● **Task goal**
Give back exactly the lines of the entries below from the line with "3410 Laguna Shores Property Photo 1" to the line with "L’espera en l’anunci", inclusive, and only those.

= Beginning of Section =

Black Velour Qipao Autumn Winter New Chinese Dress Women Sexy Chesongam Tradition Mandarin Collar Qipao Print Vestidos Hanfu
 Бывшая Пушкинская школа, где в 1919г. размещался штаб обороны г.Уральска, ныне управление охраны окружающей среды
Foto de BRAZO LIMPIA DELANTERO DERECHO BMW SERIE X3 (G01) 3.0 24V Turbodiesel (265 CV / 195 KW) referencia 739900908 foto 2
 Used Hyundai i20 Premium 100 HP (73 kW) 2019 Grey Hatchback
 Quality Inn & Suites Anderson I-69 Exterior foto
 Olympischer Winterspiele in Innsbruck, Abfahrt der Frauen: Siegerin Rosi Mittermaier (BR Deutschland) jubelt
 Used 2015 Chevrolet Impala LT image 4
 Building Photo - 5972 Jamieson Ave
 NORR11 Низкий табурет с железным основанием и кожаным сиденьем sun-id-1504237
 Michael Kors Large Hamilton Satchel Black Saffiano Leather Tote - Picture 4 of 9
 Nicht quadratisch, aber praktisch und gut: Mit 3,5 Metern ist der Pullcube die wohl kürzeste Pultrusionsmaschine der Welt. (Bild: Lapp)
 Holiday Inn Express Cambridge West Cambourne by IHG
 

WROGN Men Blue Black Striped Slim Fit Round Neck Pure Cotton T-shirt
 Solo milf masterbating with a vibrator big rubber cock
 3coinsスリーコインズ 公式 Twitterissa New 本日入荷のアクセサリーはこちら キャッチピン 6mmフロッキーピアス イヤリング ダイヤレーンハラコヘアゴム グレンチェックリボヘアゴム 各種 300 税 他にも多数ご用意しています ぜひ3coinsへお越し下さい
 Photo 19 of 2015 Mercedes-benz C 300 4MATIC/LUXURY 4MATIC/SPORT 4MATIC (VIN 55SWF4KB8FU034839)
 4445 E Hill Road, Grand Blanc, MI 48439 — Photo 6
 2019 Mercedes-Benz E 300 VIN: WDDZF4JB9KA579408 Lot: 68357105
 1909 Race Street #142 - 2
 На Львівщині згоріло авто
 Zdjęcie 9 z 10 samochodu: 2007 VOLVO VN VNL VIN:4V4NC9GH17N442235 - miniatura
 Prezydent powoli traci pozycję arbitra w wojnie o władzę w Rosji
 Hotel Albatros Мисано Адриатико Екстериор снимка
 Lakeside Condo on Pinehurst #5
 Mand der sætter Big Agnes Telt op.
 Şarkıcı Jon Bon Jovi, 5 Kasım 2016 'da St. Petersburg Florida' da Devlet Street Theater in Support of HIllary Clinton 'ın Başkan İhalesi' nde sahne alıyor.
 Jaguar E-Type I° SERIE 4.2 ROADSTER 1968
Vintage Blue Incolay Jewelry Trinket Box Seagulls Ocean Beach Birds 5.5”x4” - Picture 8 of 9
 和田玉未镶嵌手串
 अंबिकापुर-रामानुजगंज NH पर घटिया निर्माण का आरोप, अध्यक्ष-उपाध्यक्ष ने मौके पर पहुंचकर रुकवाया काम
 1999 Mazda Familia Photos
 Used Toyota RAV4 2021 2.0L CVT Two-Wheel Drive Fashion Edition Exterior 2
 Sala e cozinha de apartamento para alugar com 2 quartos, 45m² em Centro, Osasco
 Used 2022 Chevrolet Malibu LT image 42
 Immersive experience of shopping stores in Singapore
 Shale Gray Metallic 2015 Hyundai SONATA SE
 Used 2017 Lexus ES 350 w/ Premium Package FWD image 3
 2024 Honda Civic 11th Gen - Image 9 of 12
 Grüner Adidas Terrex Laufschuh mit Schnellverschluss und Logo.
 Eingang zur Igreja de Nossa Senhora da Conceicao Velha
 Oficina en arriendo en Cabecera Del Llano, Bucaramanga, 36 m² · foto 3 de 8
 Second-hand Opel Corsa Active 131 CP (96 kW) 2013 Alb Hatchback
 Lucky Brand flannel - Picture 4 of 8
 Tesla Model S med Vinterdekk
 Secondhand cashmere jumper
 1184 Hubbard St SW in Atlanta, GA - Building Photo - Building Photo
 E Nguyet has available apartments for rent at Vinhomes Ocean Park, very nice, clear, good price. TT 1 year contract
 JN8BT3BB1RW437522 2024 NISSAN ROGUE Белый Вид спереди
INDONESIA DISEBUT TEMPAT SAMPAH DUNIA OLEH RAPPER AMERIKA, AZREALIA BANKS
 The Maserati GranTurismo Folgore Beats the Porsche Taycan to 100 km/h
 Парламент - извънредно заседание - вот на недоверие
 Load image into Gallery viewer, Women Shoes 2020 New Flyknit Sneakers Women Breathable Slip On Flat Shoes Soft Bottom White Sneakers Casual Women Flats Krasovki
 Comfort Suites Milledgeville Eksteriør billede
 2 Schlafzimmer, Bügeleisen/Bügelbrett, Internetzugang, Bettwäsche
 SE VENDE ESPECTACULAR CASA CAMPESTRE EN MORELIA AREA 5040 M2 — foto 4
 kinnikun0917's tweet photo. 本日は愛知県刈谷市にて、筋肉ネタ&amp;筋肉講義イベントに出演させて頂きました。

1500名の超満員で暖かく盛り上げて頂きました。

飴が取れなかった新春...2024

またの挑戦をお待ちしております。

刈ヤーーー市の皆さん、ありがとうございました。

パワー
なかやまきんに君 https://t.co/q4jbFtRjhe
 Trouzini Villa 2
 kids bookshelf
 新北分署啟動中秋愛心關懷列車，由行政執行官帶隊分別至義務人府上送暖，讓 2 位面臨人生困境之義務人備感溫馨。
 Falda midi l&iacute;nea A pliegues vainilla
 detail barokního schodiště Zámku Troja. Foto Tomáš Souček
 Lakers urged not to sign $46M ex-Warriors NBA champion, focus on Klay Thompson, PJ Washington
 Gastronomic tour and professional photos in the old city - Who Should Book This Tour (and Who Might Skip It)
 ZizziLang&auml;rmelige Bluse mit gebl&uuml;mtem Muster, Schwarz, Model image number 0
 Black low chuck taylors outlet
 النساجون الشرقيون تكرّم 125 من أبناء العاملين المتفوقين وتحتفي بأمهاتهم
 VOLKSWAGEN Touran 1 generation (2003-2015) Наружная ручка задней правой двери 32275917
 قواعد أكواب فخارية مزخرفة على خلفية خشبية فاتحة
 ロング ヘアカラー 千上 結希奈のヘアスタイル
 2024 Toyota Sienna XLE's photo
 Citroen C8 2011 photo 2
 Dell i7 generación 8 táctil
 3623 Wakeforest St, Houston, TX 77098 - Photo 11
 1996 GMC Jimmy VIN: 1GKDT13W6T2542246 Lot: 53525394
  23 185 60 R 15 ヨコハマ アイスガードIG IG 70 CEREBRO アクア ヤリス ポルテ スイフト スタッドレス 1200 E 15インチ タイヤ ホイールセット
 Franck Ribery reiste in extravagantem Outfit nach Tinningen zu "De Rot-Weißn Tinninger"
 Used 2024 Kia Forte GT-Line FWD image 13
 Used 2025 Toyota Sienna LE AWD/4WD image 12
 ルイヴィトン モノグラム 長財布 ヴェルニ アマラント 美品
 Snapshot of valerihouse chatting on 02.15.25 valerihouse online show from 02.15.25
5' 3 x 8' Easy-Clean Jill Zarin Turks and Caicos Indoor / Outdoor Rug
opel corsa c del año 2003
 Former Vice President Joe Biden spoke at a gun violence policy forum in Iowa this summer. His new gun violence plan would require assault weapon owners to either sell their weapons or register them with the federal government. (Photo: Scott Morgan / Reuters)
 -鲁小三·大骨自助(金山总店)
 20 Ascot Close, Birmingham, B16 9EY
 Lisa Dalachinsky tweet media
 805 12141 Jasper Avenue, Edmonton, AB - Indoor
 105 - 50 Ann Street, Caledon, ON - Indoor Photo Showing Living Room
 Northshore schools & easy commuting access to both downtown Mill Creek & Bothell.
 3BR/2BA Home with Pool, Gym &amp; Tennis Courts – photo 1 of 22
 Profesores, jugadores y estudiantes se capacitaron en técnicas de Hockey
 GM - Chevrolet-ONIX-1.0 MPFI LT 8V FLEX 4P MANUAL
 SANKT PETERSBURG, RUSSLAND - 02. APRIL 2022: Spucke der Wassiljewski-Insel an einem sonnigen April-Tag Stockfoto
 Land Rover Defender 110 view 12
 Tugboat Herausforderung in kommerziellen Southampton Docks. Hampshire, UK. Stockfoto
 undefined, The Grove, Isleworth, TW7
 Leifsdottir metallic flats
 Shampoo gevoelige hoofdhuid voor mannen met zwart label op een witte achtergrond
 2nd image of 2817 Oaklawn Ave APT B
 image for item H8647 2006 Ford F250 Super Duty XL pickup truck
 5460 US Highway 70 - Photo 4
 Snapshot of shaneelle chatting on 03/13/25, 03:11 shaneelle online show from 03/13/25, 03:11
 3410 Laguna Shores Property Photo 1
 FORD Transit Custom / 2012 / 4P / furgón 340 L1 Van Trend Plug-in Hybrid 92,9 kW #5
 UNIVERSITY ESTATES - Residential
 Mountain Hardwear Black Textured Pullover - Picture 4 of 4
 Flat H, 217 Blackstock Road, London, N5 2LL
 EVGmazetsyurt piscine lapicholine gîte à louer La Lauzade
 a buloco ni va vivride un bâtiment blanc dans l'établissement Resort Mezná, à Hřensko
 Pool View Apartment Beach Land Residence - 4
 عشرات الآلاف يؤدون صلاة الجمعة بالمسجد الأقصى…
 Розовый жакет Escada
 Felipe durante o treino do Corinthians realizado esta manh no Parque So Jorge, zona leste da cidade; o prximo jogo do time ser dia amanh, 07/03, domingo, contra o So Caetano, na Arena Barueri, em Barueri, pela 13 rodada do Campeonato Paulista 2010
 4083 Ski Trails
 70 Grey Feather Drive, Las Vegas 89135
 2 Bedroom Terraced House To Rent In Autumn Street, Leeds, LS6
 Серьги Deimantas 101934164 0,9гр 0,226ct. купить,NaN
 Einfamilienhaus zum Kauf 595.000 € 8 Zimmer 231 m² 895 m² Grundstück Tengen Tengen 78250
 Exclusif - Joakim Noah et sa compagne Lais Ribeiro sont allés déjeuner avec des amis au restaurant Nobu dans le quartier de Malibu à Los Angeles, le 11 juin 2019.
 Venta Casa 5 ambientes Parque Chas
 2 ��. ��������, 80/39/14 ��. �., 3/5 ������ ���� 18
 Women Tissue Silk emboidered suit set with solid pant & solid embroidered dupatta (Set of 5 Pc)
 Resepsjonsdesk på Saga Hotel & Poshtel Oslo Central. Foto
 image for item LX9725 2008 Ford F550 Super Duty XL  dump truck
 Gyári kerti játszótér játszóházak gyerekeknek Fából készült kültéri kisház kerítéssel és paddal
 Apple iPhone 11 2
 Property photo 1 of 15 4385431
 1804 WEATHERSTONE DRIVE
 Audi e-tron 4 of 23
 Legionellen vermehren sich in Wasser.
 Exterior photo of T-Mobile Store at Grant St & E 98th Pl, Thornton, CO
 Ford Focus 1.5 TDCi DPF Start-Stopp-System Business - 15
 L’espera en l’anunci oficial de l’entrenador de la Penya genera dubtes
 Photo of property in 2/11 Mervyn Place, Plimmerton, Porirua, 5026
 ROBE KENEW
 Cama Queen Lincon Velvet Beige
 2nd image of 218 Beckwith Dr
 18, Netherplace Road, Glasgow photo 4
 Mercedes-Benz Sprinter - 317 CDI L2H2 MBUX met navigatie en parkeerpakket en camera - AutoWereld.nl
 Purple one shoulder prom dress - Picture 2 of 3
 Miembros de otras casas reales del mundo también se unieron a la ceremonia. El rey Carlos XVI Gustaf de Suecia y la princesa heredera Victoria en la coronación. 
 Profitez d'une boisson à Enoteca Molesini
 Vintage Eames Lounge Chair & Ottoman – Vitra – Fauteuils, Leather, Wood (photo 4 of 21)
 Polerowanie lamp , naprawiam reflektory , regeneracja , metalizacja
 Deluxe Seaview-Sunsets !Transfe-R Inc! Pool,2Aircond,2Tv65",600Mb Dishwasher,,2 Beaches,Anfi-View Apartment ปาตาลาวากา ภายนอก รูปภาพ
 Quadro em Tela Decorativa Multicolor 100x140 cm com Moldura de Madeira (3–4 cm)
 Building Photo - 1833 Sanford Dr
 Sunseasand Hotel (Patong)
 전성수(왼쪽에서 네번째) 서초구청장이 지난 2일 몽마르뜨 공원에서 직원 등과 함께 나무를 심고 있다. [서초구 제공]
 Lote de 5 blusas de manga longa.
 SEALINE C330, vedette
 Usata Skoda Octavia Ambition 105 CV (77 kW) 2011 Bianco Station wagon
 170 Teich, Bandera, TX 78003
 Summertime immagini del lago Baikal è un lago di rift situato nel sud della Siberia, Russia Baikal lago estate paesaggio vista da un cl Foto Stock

= End of Section =

● **Your solution**
 3410 Laguna Shores Property Photo 1
 FORD Transit Custom / 2012 / 4P / furgón 340 L1 Van Trend Plug-in Hybrid 92,9 kW #5
 UNIVERSITY ESTATES - Residential
 Mountain Hardwear Black Textured Pullover - Picture 4 of 4
 Flat H, 217 Blackstock Road, London, N5 2LL
 EVGmazetsyurt piscine lapicholine gîte à louer La Lauzade
 a buloco ni va vivride un bâtiment blanc dans l'établissement Resort Mezná, à Hřensko
 Pool View Apartment Beach Land Residence - 4
 عشرات الآلاف يؤدون صلاة الجمعة بالمسجد الأقصى…
 Розовый жакет Escada
 Felipe durante o treino do Corinthians realizado esta manh no Parque So Jorge, zona leste da cidade; o prximo jogo do time ser dia amanh, 07/03, domingo, contra o So Caetano, na Arena Barueri, em Barueri, pela 13 rodada do Campeonato Paulista 2010
 4083 Ski Trails
 70 Grey Feather Drive, Las Vegas 89135
 2 Bedroom Terraced House To Rent In Autumn Street, Leeds, LS6
 Серьги Deimantas 101934164 0,9гр 0,226ct. купить,NaN
 Einfamilienhaus zum Kauf 595.000 € 8 Zimmer 231 m² 895 m² Grundstück Tengen Tengen 78250
 Exclusif - Joakim Noah et sa compagne Lais Ribeiro sont allés déjeuner avec des amis au restaurant Nobu dans le quartier de Malibu à Los Angeles, le 11 juin 2019.
 Venta Casa 5 ambientes Parque Chas
 2 ��. ��������, 80/39/14 ��. �., 3/5 ������ ���� 18
 Women Tissue Silk emboidered suit set with solid pant & solid embroidered dupatta (Set of 5 Pc)
 Resepsjonsdesk på Saga Hotel & Poshtel Oslo Central. Foto
 image for item LX9725 2008 Ford F550 Super Duty XL  dump truck
 Gyári kerti játszótér játszóházak gyerekeknek Fából készült kültéri kisház kerítéssel és paddal
 Apple iPhone 11 2
 Property photo 1 of 15 4385431
 1804 WEATHERSTONE DRIVE
 Audi e-tron 4 of 23
 Legionellen vermehren sich in Wasser.
 Exterior photo of T-Mobile Store at Grant St & E 98th Pl, Thornton, CO
 Ford Focus 1.5 TDCi DPF Start-Stopp-System Business - 15
 L’espera en l’anunci oficial de l’entrenador de la Penya genera dubtes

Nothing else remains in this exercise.